James Simson, FRCSEd (25 August 1795 – 8 March 1876) was a Scottish surgeon, who worked for most of his career at the New Town Dispensary and was surgeon to the Edinburgh prison. He was president of the Royal College of Surgeons of Edinburgh from 1844–45 and again in 1873.

== Early life and education ==
Simson was born in Tulliallan, Perthshire, son of Rev David Simson (1740–1821), minister at Tulliallan and his wife Ann (née Patterson).
Little is known of his schooling but he studied medicine at the University of Edinburgh, graduating MD in 1816 with an essay entitled Disputatio inauguralis de vitiis variis genu, quaedam pathologica complectens (An essay on various conditions of the knee including pathology). He went on to qualify as a Fellow of the Royal College of Surgeons of Edinburgh in July 1825 with a probationary essay on infanticide.

== Career ==
Simson had a large surgical practice in Edinburgh, was Medical Officer to the New Town Dispensary and also served as surgeon to the Edinburgh prison. He was active in the affairs of the Royal College of Surgeons of Edinburgh acting as an examiner and serving as honorary secretary from 1861–1873. He was elected president of the College in 1844 and again in 1873. In 1831 Simson was elected a member of the Harveian Society of Edinburgh and served as President in 1841. In 1839 he was elected a member of the Aesculapian Club.
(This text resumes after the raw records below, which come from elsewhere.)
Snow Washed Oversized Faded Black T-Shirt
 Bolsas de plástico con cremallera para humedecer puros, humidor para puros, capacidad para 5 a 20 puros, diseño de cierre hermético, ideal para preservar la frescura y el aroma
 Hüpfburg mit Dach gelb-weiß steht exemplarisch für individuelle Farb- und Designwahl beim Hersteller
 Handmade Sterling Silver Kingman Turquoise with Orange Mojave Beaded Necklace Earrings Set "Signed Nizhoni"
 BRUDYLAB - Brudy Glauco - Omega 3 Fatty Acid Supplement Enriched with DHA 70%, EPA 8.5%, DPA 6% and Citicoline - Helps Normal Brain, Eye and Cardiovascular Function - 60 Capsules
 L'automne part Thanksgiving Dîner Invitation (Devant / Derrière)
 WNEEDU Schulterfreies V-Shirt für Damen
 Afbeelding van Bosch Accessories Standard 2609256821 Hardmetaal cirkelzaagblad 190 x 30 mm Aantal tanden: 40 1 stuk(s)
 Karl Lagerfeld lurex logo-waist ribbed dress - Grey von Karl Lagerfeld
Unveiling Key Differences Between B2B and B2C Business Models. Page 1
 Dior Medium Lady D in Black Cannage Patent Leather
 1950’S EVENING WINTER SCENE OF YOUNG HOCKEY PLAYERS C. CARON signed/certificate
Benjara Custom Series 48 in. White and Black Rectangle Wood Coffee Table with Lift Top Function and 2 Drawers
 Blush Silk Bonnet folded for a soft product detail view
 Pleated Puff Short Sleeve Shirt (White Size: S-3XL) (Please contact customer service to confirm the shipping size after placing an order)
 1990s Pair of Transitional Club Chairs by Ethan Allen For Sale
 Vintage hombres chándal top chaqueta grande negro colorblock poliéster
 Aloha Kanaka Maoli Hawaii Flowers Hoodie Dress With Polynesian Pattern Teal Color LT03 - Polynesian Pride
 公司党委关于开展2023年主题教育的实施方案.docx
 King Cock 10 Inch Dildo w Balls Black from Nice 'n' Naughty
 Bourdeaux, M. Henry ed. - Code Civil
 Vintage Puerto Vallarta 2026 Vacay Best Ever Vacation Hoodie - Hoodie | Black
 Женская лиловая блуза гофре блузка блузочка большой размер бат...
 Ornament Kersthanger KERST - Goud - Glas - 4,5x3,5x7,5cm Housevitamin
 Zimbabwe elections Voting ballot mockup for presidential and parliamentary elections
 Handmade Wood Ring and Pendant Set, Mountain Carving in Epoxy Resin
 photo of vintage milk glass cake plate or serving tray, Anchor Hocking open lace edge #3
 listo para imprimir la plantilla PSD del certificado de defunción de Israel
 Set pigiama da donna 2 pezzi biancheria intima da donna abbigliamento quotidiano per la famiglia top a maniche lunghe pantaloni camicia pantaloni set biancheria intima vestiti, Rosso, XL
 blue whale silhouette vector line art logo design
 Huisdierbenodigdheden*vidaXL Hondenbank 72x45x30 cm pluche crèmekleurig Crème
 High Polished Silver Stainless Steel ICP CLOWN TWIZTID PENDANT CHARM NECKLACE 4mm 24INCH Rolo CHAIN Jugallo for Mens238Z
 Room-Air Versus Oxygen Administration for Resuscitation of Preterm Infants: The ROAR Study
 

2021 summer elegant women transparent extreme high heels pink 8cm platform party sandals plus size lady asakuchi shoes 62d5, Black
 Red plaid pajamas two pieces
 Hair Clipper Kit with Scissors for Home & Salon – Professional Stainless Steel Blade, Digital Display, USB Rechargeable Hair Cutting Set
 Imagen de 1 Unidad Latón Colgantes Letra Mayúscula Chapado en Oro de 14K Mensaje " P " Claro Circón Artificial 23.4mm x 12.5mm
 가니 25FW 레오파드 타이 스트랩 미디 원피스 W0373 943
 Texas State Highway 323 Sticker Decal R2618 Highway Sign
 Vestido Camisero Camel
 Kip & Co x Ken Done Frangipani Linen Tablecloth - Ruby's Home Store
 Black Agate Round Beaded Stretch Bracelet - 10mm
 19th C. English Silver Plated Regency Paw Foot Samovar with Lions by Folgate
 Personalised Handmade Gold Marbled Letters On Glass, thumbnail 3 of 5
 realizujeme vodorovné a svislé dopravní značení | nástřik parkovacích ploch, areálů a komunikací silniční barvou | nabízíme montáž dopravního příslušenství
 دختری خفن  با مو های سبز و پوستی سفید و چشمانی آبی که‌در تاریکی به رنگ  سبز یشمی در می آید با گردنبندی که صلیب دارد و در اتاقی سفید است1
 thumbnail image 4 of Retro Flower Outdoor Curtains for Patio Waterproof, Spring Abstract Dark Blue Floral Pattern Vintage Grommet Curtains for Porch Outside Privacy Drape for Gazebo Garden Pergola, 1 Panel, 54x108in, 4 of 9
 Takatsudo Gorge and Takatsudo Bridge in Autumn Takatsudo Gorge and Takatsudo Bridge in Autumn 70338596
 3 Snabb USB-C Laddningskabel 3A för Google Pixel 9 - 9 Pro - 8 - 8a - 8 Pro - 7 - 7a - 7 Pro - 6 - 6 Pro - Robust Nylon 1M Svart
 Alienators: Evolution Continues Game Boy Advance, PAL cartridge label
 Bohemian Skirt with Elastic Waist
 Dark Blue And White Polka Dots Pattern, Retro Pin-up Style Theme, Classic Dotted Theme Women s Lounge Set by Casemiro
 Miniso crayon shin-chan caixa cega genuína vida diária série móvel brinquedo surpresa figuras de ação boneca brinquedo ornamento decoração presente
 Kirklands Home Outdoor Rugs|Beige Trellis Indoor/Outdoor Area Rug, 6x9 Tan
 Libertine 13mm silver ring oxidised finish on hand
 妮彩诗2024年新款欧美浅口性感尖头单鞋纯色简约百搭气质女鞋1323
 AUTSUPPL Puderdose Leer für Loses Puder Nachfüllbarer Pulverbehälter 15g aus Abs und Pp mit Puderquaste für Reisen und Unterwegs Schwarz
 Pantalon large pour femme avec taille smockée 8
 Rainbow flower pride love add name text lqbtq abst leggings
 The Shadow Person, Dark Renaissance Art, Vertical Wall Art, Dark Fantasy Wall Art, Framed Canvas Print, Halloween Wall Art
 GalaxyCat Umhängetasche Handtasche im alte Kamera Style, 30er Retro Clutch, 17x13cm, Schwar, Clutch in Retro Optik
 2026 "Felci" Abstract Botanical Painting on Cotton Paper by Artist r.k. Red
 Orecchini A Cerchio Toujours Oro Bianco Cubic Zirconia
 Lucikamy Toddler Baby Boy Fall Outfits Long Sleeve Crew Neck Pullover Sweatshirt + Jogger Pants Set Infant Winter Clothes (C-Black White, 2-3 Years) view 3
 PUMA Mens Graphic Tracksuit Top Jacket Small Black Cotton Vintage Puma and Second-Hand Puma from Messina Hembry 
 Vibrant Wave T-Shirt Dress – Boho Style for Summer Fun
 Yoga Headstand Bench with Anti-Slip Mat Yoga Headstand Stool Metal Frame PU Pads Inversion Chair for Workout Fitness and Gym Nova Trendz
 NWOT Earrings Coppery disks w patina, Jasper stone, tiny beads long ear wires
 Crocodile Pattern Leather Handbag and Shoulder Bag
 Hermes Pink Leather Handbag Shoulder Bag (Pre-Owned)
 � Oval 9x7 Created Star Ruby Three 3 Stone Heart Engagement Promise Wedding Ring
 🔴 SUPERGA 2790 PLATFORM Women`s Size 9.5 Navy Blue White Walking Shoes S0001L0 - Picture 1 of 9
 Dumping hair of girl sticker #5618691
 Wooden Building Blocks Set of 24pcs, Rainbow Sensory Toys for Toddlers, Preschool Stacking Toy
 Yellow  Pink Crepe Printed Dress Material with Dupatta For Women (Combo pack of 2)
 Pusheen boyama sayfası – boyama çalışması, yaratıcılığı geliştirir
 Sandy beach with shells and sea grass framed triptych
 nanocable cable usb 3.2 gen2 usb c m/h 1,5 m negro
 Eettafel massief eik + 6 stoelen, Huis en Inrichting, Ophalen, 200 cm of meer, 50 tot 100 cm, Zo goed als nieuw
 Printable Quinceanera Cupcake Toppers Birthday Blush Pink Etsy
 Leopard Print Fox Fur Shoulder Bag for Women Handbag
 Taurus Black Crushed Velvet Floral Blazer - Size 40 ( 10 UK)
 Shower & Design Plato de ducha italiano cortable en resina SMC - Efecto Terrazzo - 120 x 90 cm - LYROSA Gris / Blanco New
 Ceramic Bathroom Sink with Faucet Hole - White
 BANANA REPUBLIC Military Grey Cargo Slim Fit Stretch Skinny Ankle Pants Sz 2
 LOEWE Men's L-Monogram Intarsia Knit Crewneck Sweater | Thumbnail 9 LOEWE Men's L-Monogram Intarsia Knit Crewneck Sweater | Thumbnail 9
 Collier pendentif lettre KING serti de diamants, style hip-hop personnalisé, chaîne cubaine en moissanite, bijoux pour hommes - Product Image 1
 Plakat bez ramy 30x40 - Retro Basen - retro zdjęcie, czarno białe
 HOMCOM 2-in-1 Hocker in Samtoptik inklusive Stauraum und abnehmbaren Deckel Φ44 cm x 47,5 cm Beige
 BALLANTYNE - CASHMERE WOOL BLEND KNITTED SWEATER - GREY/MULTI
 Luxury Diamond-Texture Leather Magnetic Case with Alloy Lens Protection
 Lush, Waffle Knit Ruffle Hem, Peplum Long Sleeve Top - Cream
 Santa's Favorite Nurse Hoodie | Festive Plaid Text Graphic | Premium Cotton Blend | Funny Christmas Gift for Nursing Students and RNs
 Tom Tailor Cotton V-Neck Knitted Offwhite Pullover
He described a procedure for partial excision of the elbow joint for tuberculosis.

It has been suggested that James Simpson the renowned obstetrician, changed his name to James Young Simpson to avoid confusion with Simson as the two lived close to each other, Simpson in Queen Street and Simson in adjacent Frederick Street in Edinburgh's New Town.

== Family and later life ==

In 1859 he married Margaret Combe (1830–1885), daughter of James Scarth Combe, who had also served as president of the Royal College of Surgeons of Edinburgh. They had a son David James (1861–1913) and a daughter Alice (1863–1944).

Simson died at 3 Glenfinlas Street, his final Edinburgh home, on 8 March 1876.